APELAÇÃO CÍVEL Nº 1.0680.06.008460-4/001 - COMARCA DE TAIOBEIRAS - APELANTE(S): MARILENE OLIVEIRA BRITO, PEDRO JOSÉ RIBEIRO E OUTRO(A)(S) - APELADO(A)(S): LAURINDA DE OLIVEIRA
ACÓRDÃO
Vistos etc., acorda, em Turma, a 17ª CÂMARA CÍVEL do Tribunal de Justiça do Estado de Minas Gerais, na conformidade da ata dos julgamentos, à unanimidade, em dar parcial provimento ao recurso.
Belo Horizonte, 17 de novembro de 2011.
DES. EDUARDO MARINÉ DA CUNHA,
RELATOR.
DES. EDUARDO MARINÉ DA CUNHA (RELATOR)
VOTO
Cuida-se de ação de indenização ajuizada por PEDRO JOSÉ RIBEIRO e sua mulher MARILENE DE OLIVEIRA BRITO RIBEIRO, em face de LAURINDA DE OLIVEIRA e ALDENY LOURENÇO DE SOUZA.
Relataram os autores terem adquirido de José Cassemiro Neto e sua mulher, Maria Paixão Santos Rolina Cassemiro, em 13 de setembro de 1997, o imóvel constituído por uma casa em construção, situada na R. Ipanema, n. 606, bairro Bom Jardim, em Taiobeiras/MG, pelo preço de R$ 1.400,00.
Aduziram que edificaram no imóvel diversas benfeitorias, tais como, "término no levantamento de paredes, colocação de laje, telhado de amianto, portas e janelas, piso grosso de cimento, muros, etc", tendo despendido, para tanto, o valor de R$3.000,00.
Sustentaram que próximo à data da mudança, ou seja, quando da conclusão da obra, foram surpreendidos com a citação para os termos de uma ação de reintegração de posse, movida pela primeira requerida, a qual acabou sendo julgada procedente, causando-lhe diversos prejuízos, vez que adquiriram o imóvel de boa-fé, nele edificando benfeitorias.
Afirmaram, ainda, que, malgrado o segundo requerido tivesse conhecimento de sua boa-fé, adquiriu o imóvel da primeira ré, devendo, assim, suportar os ônus dos prejuízos que lhe causou.

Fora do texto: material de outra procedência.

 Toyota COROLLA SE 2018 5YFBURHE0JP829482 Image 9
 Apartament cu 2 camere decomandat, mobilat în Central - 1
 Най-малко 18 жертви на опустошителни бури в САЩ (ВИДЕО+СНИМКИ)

Ao final, pediram a procedência dos pedidos, com a condenação dos réus, solidariamente, ao pagamento de indenização, a título de danos materiais, consistente no valor que despenderam para a aquisição do imóvel (R$ 1.400,00) e R$ 3.000,00, referente ao material e mão de obra utilizados para a realização das benfeitorias. Formularam, ainda, pedido de condenação dos requeridos ao pagamento de indenização por danos morais, em valor a ser arbitrado pelo juízo.

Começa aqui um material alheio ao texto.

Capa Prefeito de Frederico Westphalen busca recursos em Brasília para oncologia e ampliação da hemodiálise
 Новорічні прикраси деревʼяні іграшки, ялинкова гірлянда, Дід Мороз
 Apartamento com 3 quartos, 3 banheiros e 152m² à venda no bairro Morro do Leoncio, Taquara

Devidamente citado, o segundo réu apresentou defesa (f. 28-30), arguindo, preliminarmente, inépcia da inicial. No mérito, sustentou que não tem nenhuma relação com os autores, vez que não participou do negócio jurídico noticiado na exordial, defendendo a regularidade da sua posse, que lhe foi transmitida pela primeira ré. Por fim, requereu a improcedência dos pedidos inicias.

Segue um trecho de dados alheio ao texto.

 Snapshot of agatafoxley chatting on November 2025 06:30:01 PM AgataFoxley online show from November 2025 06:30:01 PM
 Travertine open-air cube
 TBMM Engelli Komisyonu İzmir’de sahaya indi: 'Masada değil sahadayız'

Às f. 53-56, a primeira requerida apresentou defesa, sustentando que desconhece as transações de compra e venda noticiadas na exordial, acrescentando que sempre foi a proprietária do imóvel. Sustentou seu direito à manutenção do provimento favorável obtido na ação de reintegração de posse movida em face dos autores, que tramitou perante o Juizado Especial da Comarca de Taiobeiras, com sentença transitada em julgado. Ao final, requereu a improcedência dos pedidos.
Preliminar de inépcia da inicial, rejeitada às f. 69-70.
Prova testemunhal às f. 120-123.
Às f. 135-139, a MM. juíza singular proferiu sentença, julgando improcedentes os pedidos iniciais, condenando os autores ao pagamento das custas processuais e honorários advocatícios fixados em R$ 1.200,00, suspendendo a exigibilidade de tais verbas, nos termos do art. 12, da Lei n. 1.060/50.
Inconformados, os autores interpuseram apelação (f. 141-145), reiterando as razões postas na inicial, pugnando pela reforma da decisão primeva, visando à procedência dos pedidos.
Em contrarrazões de f. 148-151, a primeira apelada bateu-se pelo desprovimento do recurso.
Conheço do recurso, vez que presentes os pressupostos legais de sua admissibilidade.
Em relação à improcedência do pedido de pagamento de indenização, a título de danos materiais, consistente no valor que os autores despenderam para a aquisição do imóvel objeto da demanda (R$ 1.400,00), vejo que não merece reforma a sentença.
Isso porque, não obstante restar demonstrado nos autos que os autores adquiriram o imóvel em questão, pagando o preço de R$ 1.400,00, o fizeram diretamente do Sr. José Cassemiro Neto, consoante recibo de f. 13. Em nenhum momento, os ora apelados figuraram na cadeia de alienação do imóvel noticiada pelos autores e comprovada pelos documentos de f. 08-11, não podendo, pois, ser responsabilizados pelo ressarcimento da quantia relativa à compra e venda do terreno.
Frise-se que a primeira requerida demonstrou que detém, legitimamente, a posse do imóvel objeto da presente ação, consoante sentença proferida nos autos da ação de reintegração de posse movida em face do primeiro autor, cuja cópia encontra-se juntada à f. 20.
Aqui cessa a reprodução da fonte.